Is Matrix Multiplication Ugly?
A few weeks ago I was minding my own business, peacefully reading a well-written and informative article about artificial intelligence, when I was ambushed by a passage in the article that aroused my pique. That's one of the pitfalls of knowing too much about a topic a journalist is discussing; journalists often make mistakes that most readers wouldn't notice but that raise the hackles or at least the blood pressure of those in the know.
The article in question appeared in The New Yorker. The author, Stephen Witt, was writing about the way that your typical Large Language Model, starting from a blank slate, or rather a slate full of random scribbles, is able to learn about the world, or rather the virtual world called the internet. Throughout the training process, billions of numbers called weights get repeatedly updated so as to steadily improve the model's performance. Picture a tiny chip with electrons racing around in etched channels, and slowly zoom out: there are many such chips in each server node and many such nodes in each rack, with racks organized in rows, many rows per hall, many halls per building, many buildings per campus. It's a sort of computer-age version of Borges' Library of Babel. And the weight-update process that all these countless circuits are carrying out depends heavily on an operation known as matrix multiplication.
Witt explained this clearly and accurately, right up to the point where his essay took a very odd turn.
Here's what Witt went on to say about matrix multiplication:
"'Beauty is the first test: there is no permanent place in the world for ugly mathematics,' the mathematician G. H. Hardy wrote, in 1940. But matrix multiplication, to which our civilization is now devoting so many of its marginal resources, has all the elegance of a man hammering a nail into a board. It is possessed of neither beauty nor symmetry: in fact, in matrix multiplication, a times b is not the same as b times a."
The last sentence struck me as a bizarre non sequitur, somewhat akin to saying "Number addition has neither beauty nor symmetry, because when you write two numbers backwards, their new sum isn't just their original sum written backwards; for instance, 17 plus 34 is 51, but 71 plus 43 isn't 15."
The next day I sent the following letter to the magazine:
"I appreciate Stephen Witt shining a spotlight on matrices, which deserve more attention today than ever before: they play important roles in ecology, economics, physics, and now artificial intelligence ("Information Overload", November 3). But Witt errs in bringing Hardy's famous quote ("there is no permanent place in the world for ugly mathematics") into his story. Matrix algebra is the language of symmetry and transformation, and the fact that a followed by b differs from b followed by a is no surprise; to expect the two transformations to coincide is to seek symmetry in the wrong place — like judging a dog's beauty by whether its tail resembles its head. With its two-thousand-year-old roots in China, matrix algebra has secured a permanent place in mathematics, and it passes the beauty test with flying colors.
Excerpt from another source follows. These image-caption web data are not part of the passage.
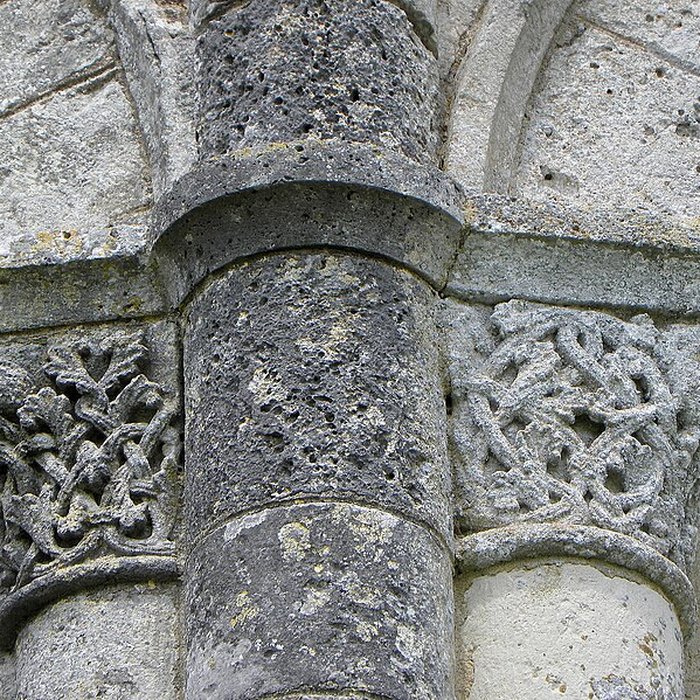 Photo de Église Saint-Cybard de Plassac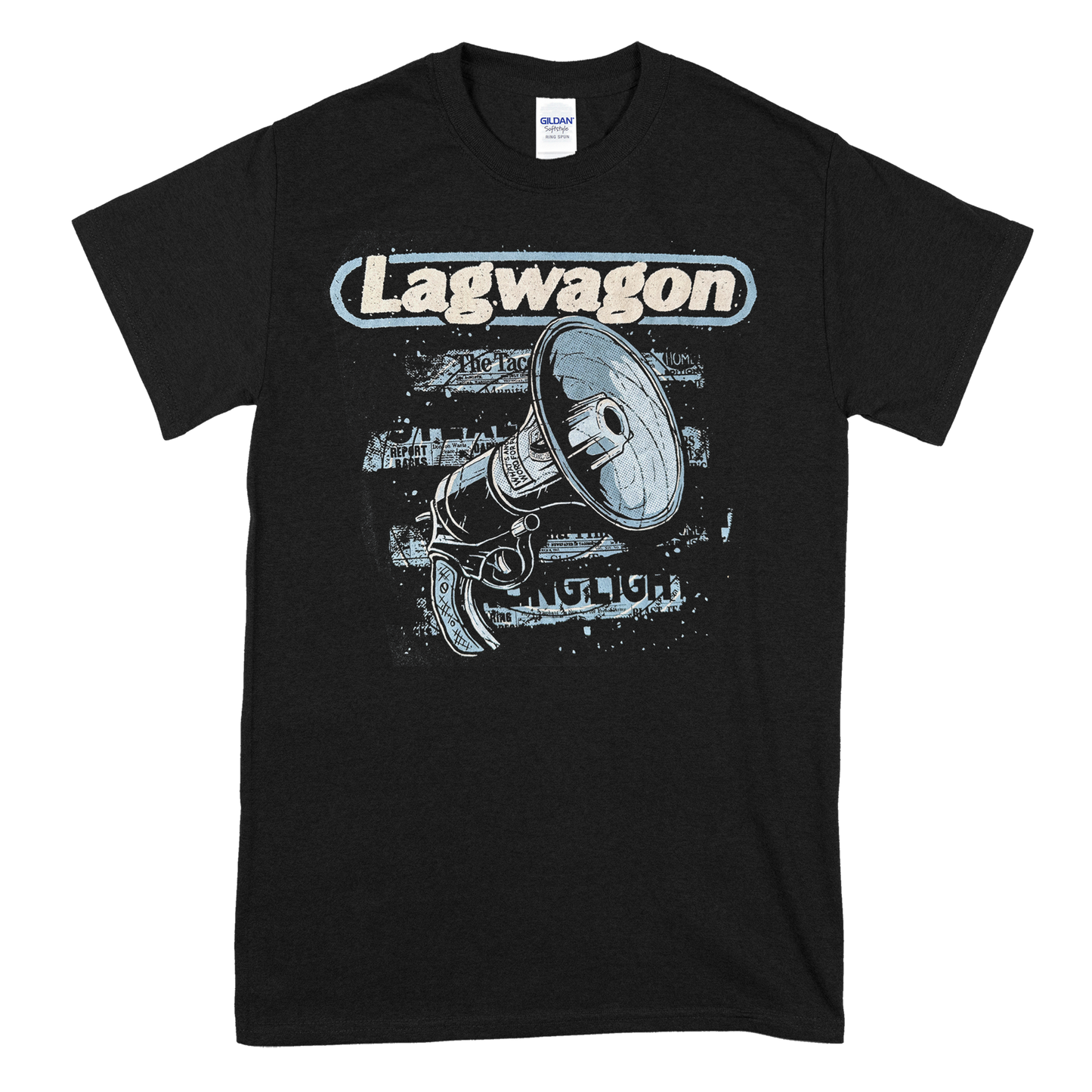 Lagwagon (Megafon) T-Shirt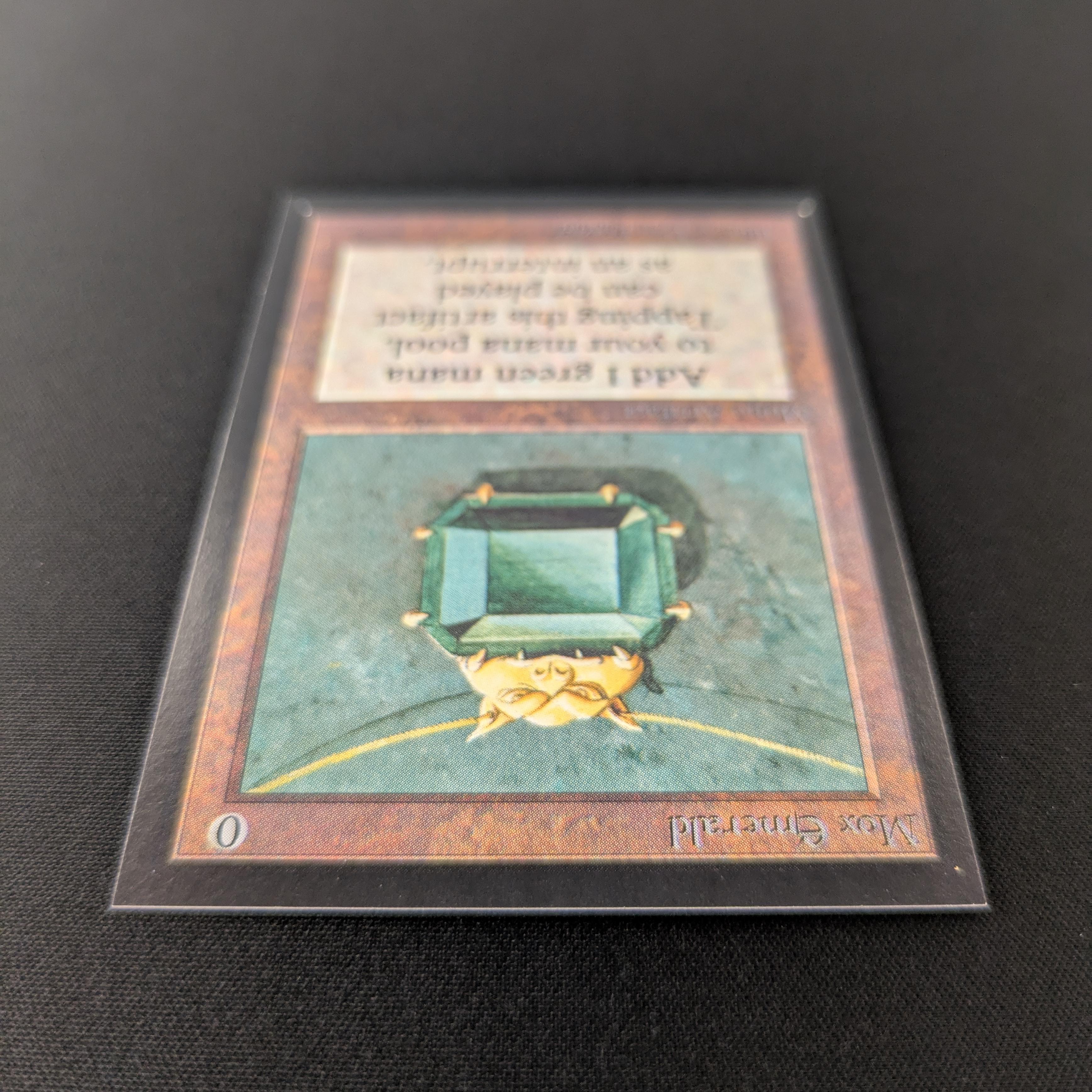 MTG Singles - Mox Emerald - International Edition - 
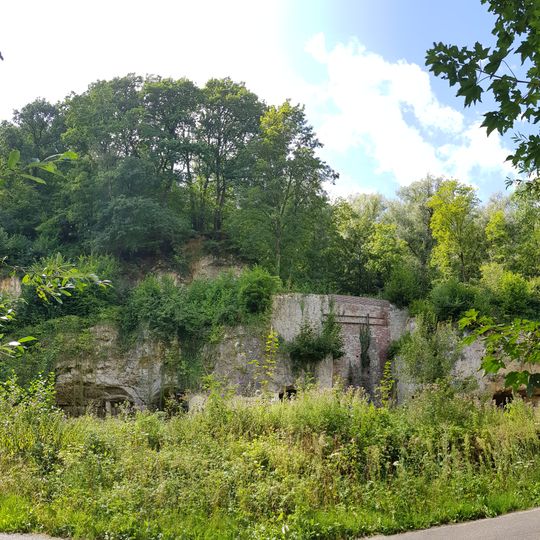 Groeve in de Dolekamer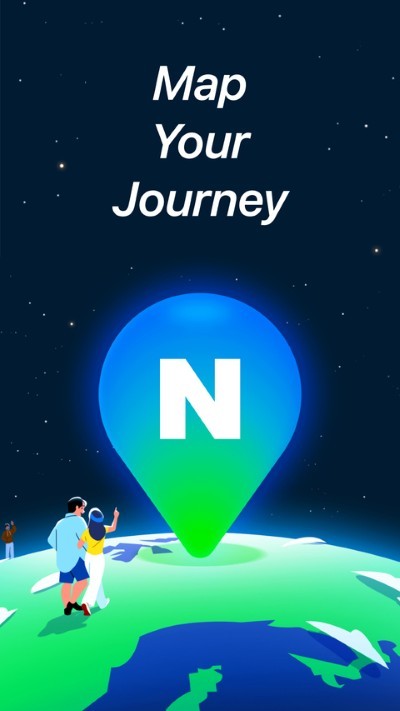 navermap手机版 v6.8.1.10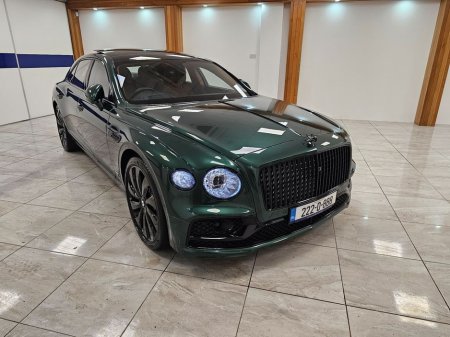 2022 Bentley Flying Spur V6 Hybrid Auto // Racing Green €164,950 thumbnail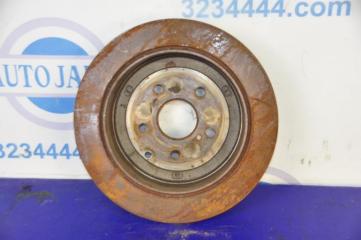 Тормозной диск задний TOYOTA SIENNA 11-16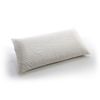 Almohada Viscoelastica Natural 80x35 Cm Blanco Tanuk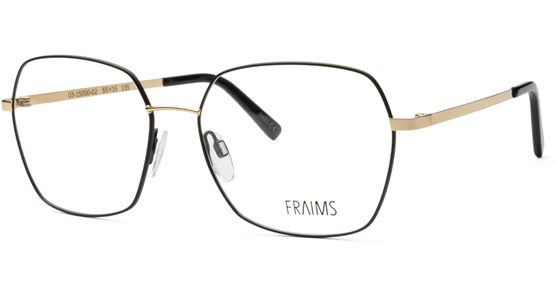 FRAIMS 03-15000-02 Dionne, Schwarz/Gold - Ansicht 2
In fact, matrices are commonplace in number theory, the branch of pure mathematics Hardy loved most."
[...] I'm guessing that part of Witt's confusion arises from the fact that actually multiplying matrices of numbers to get a matrix of bigger numbers can be very tedious, and tedium is psychologically adjacent to distaste and a perception of ugliness. But the tedium of matrix multiplication is tied up with its symmetry (whose existence Witt mistakenly denies). When you multiply two n-by-n matrices A and B in the straightforward way, you have to compute n2 numbers in the same unvarying fashion, and each of those n2 numbers is the sum of n terms, and each of those n terms is the product of an element of A and an element of B in a simple way. It's only human to get bored and inattentive and then make mistakes because the process is so repetitive. We tend to think of symmetry and beauty as synonyms, but sometimes excessive symmetry breeds ennui; repetition in excess can be repellent. Picture the Library of Babel and the existential dread the image summons.
G. H. Hardy, whose famous remark Witt quotes, was in the business of proving theorems, and he favored conceptual proofs over calculational ones. If you showed him a proof of a theorem in which the linchpin of your argument was a 5-page verification that a certain matrix product had a particular value, he'd say you didn't really understand your own theorem; he'd assert that you should find a more conceptual argument and then consign your brute-force proof to the trash. But Hardy's aversion to brute force was specific to the domain of mathematical proof, which is far removed from math that calculates optimal pricing for annuities or computes the wind-shear on an airplane wing or fine-tunes the weights used by an AI. Furthermore, Hardy's objection to your proof would focus on the length of the calculation, and not on whether the calculation involved matrices. If you showed him a proof that used 5 turgid pages of pre-19th-century calculation that never mentioned matrices once, he'd still say "Your proof is a piece of temporary mathematics; it convinces the reader that your theorem is true without truly explaining why the theorem is true."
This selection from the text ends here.